§ **Exercise goal**: Below is a listing; print exactly its lines from the one containing "Schalter Sitzheizung VW" down to the one containing "Visualprompt.org snapshot of", both inclusive, with every picture left out.

§ **Exercise data**:
# # # #

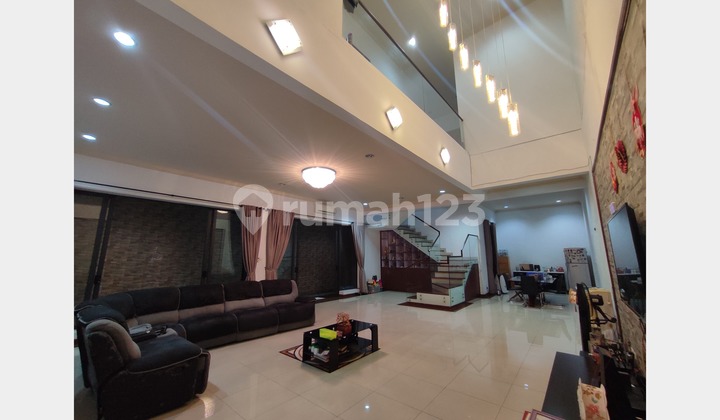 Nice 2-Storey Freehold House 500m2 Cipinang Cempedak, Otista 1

# # # #

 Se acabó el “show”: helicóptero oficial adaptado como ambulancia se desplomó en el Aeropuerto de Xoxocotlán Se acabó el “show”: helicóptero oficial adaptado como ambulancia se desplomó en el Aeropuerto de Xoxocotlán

# # # #

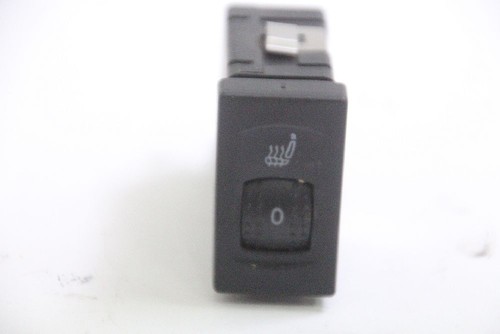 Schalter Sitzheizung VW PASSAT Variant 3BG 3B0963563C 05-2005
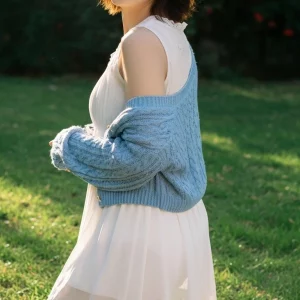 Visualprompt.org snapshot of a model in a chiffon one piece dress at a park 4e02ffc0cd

# # # #

§ **Solution**:
 Schalter Sitzheizung VW PASSAT Variant 3BG 3B0963563C 05-2005
 Visualprompt.org snapshot of a model in a chiffon one piece dress at a park 4e02ffc0cd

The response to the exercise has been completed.